Mon May 29 04:02:50 UTC 2023


> -----Original Message-----
> From: Rodrigo Vivi <rodrigo.vivi at kernel.org>
> Sent: 24 May 2023 18:54
> To: Ghimiray, Himal Prasad <himal.prasad.ghimiray at intel.com>
> Cc: intel-xe at lists.freedesktop.org; Vivi, Rodrigo <rodrigo.vivi at intel.com>
> Subject: Re: [PATCH v2 1/1] drm/xe: Add a debugfs for faking gt reset failure.
> 
> On Wed, May 24, 2023 at 12:36:41PM +0530, Himal Prasad Ghimiray wrote:
> > In case of gt reset failure, KMD notifies userspace about failure via
> > uevent. To validate this notification we need to ensure gt reset fails
> > and there is no mechanism to cause failure from hardware.
> > Hence added a debugfs which will cause fake reset failure.
> >
> > v1(Rodrigo)
> > - Change the variable to fake_reset_failure_in_progress.
> > - Drop usage of READ_ONCE and WRITE_ONCE.
> > - Follow consistency for variable assignment. Either use
> >   functions for all the assignments or don't use for any.
> 
> Thanks for addressing all of this. I believe we are much closer now.
> A few more comments below, that I could only think now with this new version.
> 
> >
> > Cc: Rodrigo Vivi <rodrigo.vivi at intel.com>
> > Signed-off-by: Himal Prasad Ghimiray <himal.prasad.ghimiray at intel.com>
> > ---
> >  drivers/gpu/drm/xe/xe_gt.c         | 15 ++++++++++++++-
> >  drivers/gpu/drm/xe/xe_gt_debugfs.c | 11 +++++++++++
> >  drivers/gpu/drm/xe/xe_gt_types.h   |  1 +
> >  3 files changed, 26 insertions(+), 1 deletion(-)
> >
> > diff --git a/drivers/gpu/drm/xe/xe_gt.c b/drivers/gpu/drm/xe/xe_gt.c
> > index 80d42c7c7cfa..b3ac8b3ab455 100644
> > --- a/drivers/gpu/drm/xe/xe_gt.c
> > +++ b/drivers/gpu/drm/xe/xe_gt.c
> > @@ -506,6 +506,9 @@ int xe_gt_init(struct xe_gt *gt)
> >  	int err;
> >  	int i;
> >
> > +	/*Fake reset failure should be disabled by default*/
> 
> you are missing spaces around '*'... should be /* Comment */
Will address this.
>                                                 ^       ^
> 
> > +	gt->reset.fake_reset_failure_in_progress = false;
> > +
> 
> but I also don't believe that you need this chunk at all since reset struct should
> be zeroed on allocation.
> probably need a double check to be sure.

Will confirm and make changes in next patch accordingly.
> 
> >  	INIT_WORK(&gt->reset.worker, gt_reset_worker);
> >
> >  	for (i = 0; i < XE_ENGINE_CLASS_MAX; ++i) { @@ -601,8 +604,18 @@
> > static int gt_reset(struct xe_gt *gt)
> >  	xe_gt_info(gt, "reset started\n");
> >
> >  	xe_gt_sanitize(gt);
> > -
> 
> probably good to keep this line
Sure.
> 
> >  	xe_device_mem_access_get(gt_to_xe(gt));
> > +
> > +	err = gt->reset.fake_reset_failure_in_progress;
> 
> Atomic is really not needed because the gt_resets are serialized but something
> like test_and_dec maybe could help to get a cleaner code here.
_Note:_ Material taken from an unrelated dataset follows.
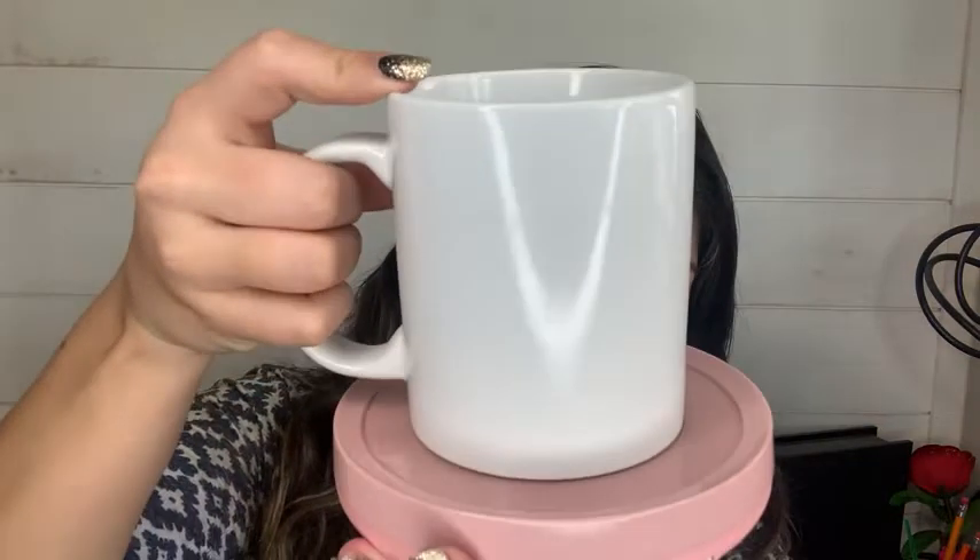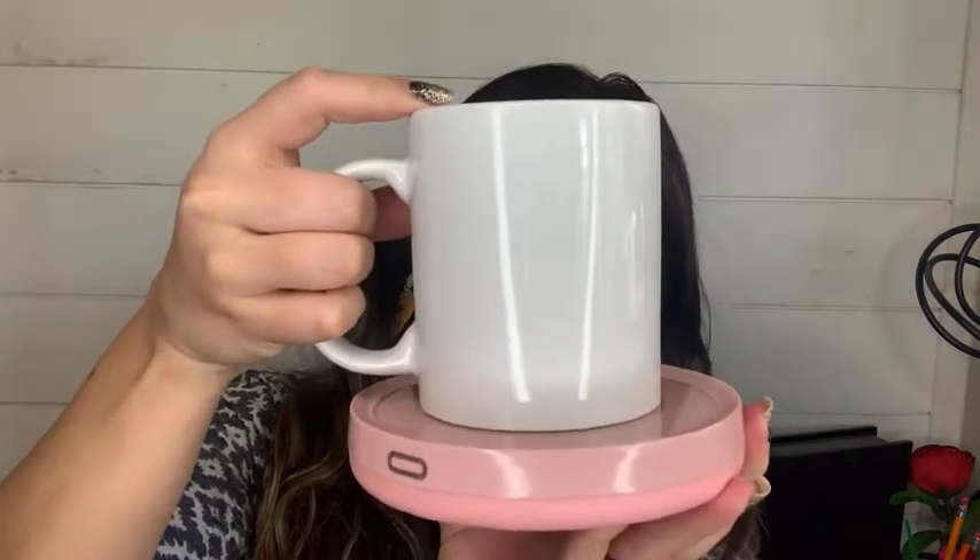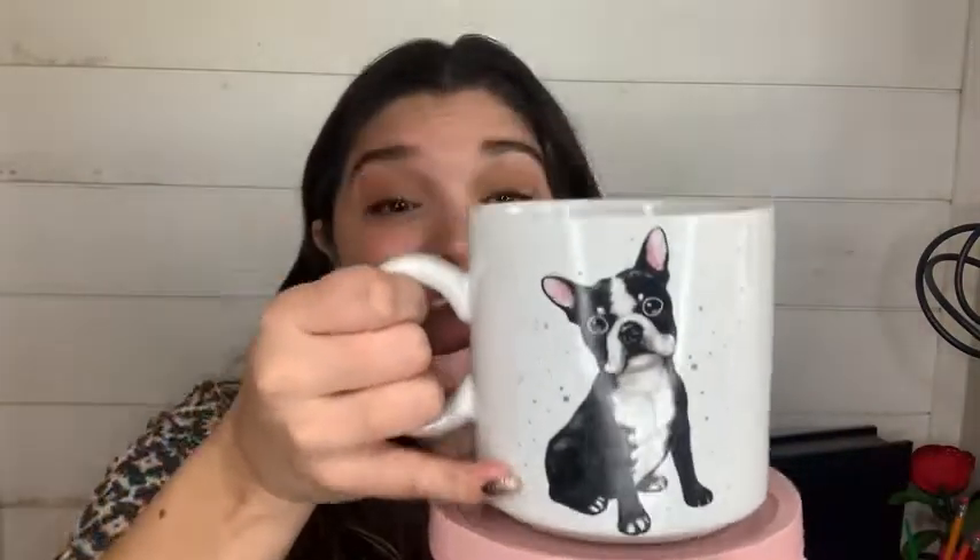This is just a regular size coffee mug and it fits really well. Also if you're like me and you really like a lot of coffee, I also brought my little puppy cup and this fits as well on here really well.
But really up to
> you.
> 
> > +	if (err) {
> > +		xe_gt_info(gt, "Fake GT reset failure is in progress\n");
> > +
> > +		/* Disable fake reset failure for next call */
> 
> we should never add obvious redundant comments. The line below is enough for
> a code reader.
Will address in next patch.
> 
> > +		gt->reset.fake_reset_failure_in_progress = false;
> > +
> > +		goto err_msg;
> > +	}
> > +
> >  	err = xe_force_wake_get(gt_to_fw(gt), XE_FORCEWAKE_ALL);
> >  	if (err)
> >  		goto err_msg;
> > diff --git a/drivers/gpu/drm/xe/xe_gt_debugfs.c
> > b/drivers/gpu/drm/xe/xe_gt_debugfs.c
> > index 8bf441e850a0..13d2a974bc00 100644
> > --- a/drivers/gpu/drm/xe/xe_gt_debugfs.c
> > +++ b/drivers/gpu/drm/xe/xe_gt_debugfs.c
> > @@ -127,6 +127,16 @@ static int register_save_restore(struct seq_file *m,
> void *data)
> >  	return 0;
> >  }
> >
> > +static int fake_reset_failure(struct seq_file *m, void *data) {
> > +	struct xe_gt *gt = node_to_gt(m->private);
> > +
> > +	gt->reset.fake_reset_failure_in_progress = true;
> 
> I don't like other components touching variables directly like this.
> we should probably have a xe_fake_reset(gt) function in xe_gt.c that does this
> set and call the reset async below.
Sure. Makes sense. Will address in next patch.
> 
> > +	xe_gt_reset_async(gt);
> > +
> > +	return 0;
> > +}
> > +
> >  static const struct drm_info_list debugfs_list[] = {
> >  	{"hw_engines", hw_engines, 0},
> >  	{"force_reset", force_reset, 0},
> > @@ -135,6 +145,7 @@ static const struct drm_info_list debugfs_list[] = {
> >  	{"steering", steering, 0},
> >  	{"ggtt", ggtt, 0},
> >  	{"register-save-restore", register_save_restore, 0},
> > +	{"fake_reset_failure", fake_reset_failure, 0},
> >  };
> >
> >  void xe_gt_debugfs_register(struct xe_gt *gt) diff --git
> > a/drivers/gpu/drm/xe/xe_gt_types.h b/drivers/gpu/drm/xe/xe_gt_types.h
> > index 7c47d67aa8be..746d65c4aacc 100644
> > --- a/drivers/gpu/drm/xe/xe_gt_types.h
> > +++ b/drivers/gpu/drm/xe/xe_gt_types.h
> > @@ -168,6 +168,7 @@ struct xe_gt {
> >
> >  	/** @reset: state for GT resets */
> >  	struct {
> 
> 	please add documentation here.
> 	/**
> 	* fake_reset_failure_in_progress: A bool to indicate a fake reset
> 	* failure has been triggered
> 	*/
> 	or something like that...
> > +		bool fake_reset_failure_in_progress;
> >  		/**
> >  		 * @worker: work so GT resets can done async allowing to reset
> >  		 * code to safely flush all code paths
> > --
> > 2.25.1
> >